Akio Toyoda, now Toyota executive vice president, will replace Katsuaki Watanabe as Toyota’s president in June after the company annual general shareholder’s meeting. Fuji Cho, a Toyota veteran, wil retain the chairmanship of Toyota’s board. Watanabe, an intensely ambitious executive who oversaw Toyota’s bid to overtake General Motors Corp. as the world’s largest carmaker, will move into the position of vice chairman.
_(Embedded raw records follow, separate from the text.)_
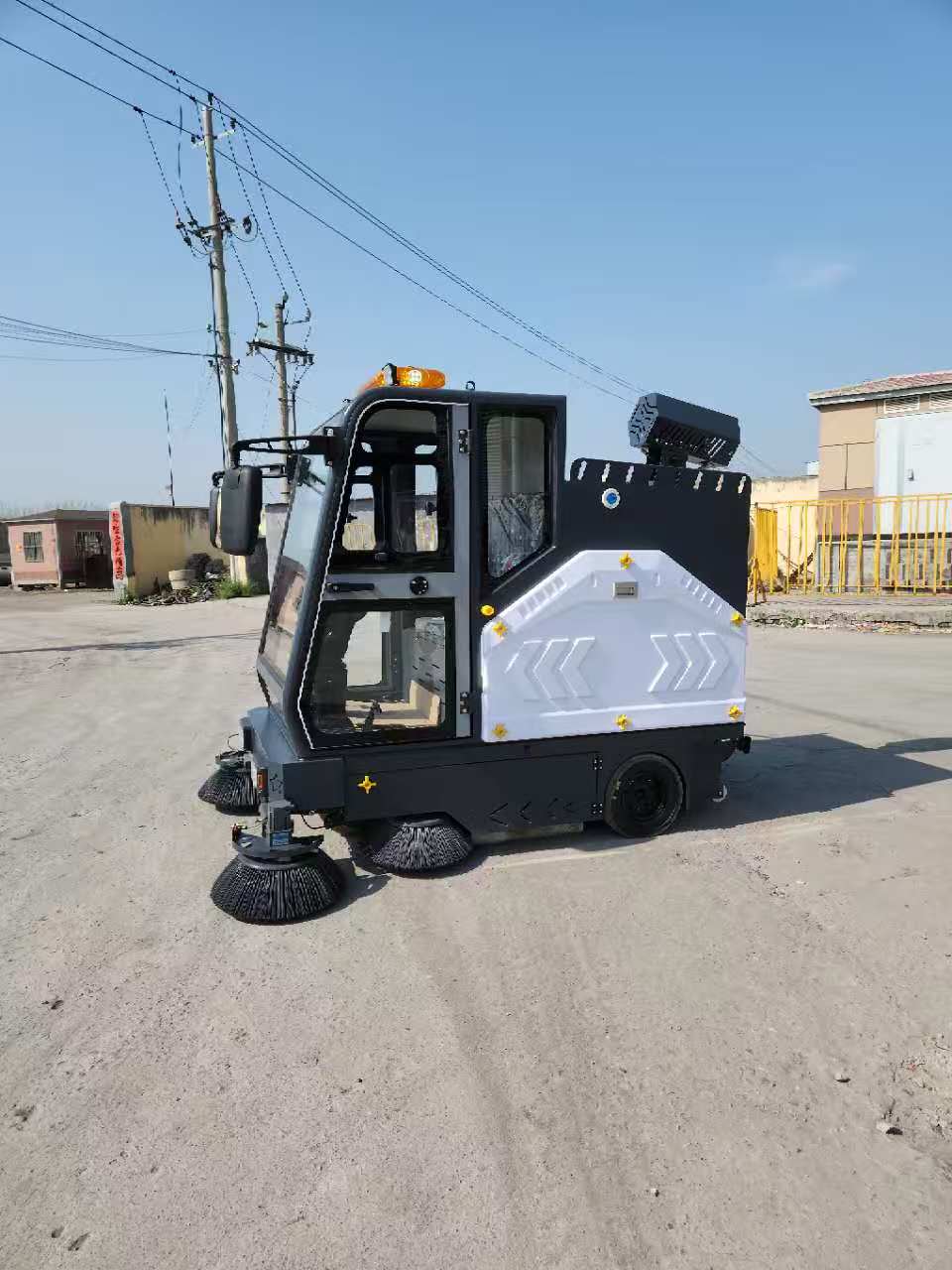 2.0m Cleaning Width Electric Street Sweeper with Water Tank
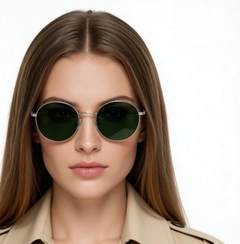 bs0824-0035_golden_oval_metal_sunglasses_model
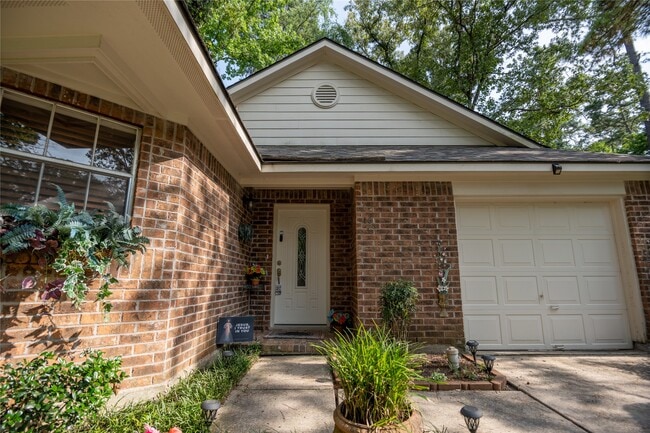 property at 46 N Rushwing Cir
Reports that Watanabe would be sidelined have been circulating in Japan and throughout the auto industry ever since last month when Toyota reported its largest financial loss in 70 years. Ironically, the loss, which was triggered by worldwide recession and a disastrous decline in sales in the U.S., came just as Toyota appeared to have reached its goal of surpassing General Motors to become the world’s largest automakers. The flagship Toyota division also became the best-selling automotive brand in the U.S. last year for the first time and Toyota – including luxury marque Lexus and the youth-oriented Scion – has replaced Ford as the second largest carmaker in the U.S., capturing almost 16. 5 percent share.
But weak sales in Japan and other overseas markets cut into Toyota’s 2008 sales. Overall, Toyota’s sales dropped 4 percent to 8.972 million units, according to figures released by the Japanese automaker. The drop in sales left Toyota locked in a tight race with GM, which will report its final sales figures Jan. 21.
When he becomes president, Toyoda will face several challenges, among them a steady, demographic decline in the Japanese market, which represents a weakening of the company’s home base in Japan, and the recession-driven drop in sales in the United States, which caught the company’s executives off-guard. The drop in sales has forced Toyota to make dramatic adjustments in production in Japan and the U.S. where the company has a major manufacturing footprint. Among other things, a new, and only partially-completed Mississippi plant has been put on hold, with some observers wondering if it will actually ever be put into operation.
The decline in Toyota’s profitability also has put more pressure on the company’s hybrid strategy, which has turned only modest profits at best, and seen a sharp decline in demand as fuel prices have fallen — but has been one of Watanabe’s key initiatives.